ABOUT THIS TASK:
Return every line from the one with "When working with" through the one with "It takes you", inclusive, exactly as it appears below.

RECORDED INFORMATION:
□ □ □ □ □
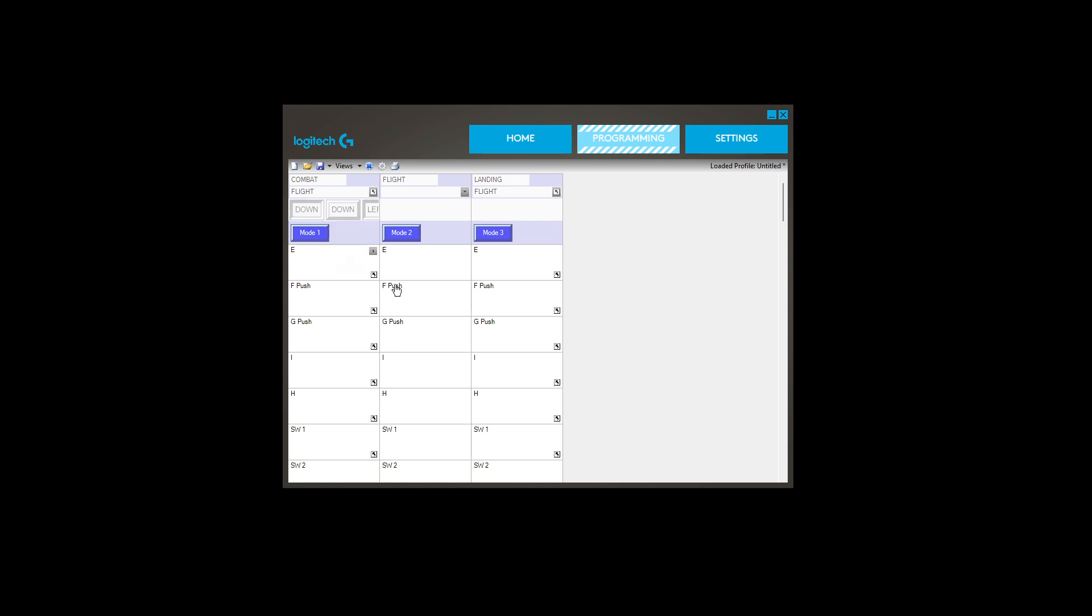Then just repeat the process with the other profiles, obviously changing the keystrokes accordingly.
□ □ □ □ □
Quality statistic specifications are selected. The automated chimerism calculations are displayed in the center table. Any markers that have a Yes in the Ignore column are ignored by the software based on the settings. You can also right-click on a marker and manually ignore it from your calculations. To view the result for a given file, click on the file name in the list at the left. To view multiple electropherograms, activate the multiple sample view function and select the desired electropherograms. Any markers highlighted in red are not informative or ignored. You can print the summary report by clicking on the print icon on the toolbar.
□ □ □ □ □
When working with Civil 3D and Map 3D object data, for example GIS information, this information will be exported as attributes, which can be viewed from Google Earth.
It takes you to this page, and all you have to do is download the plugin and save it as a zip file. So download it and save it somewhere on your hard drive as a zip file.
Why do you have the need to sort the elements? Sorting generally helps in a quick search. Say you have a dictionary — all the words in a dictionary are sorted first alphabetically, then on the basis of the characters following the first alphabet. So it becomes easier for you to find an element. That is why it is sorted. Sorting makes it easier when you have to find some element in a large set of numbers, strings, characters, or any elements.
□ □ □ □ □
RESULT OF THE EXERCISE:
When working with Civil 3D and Map 3D object data, for example GIS information, this information will be exported as attributes, which can be viewed from Google Earth.
It takes you to this page, and all you have to do is download the plugin and save it as a zip file. So download it and save it somewhere on your hard drive as a zip file.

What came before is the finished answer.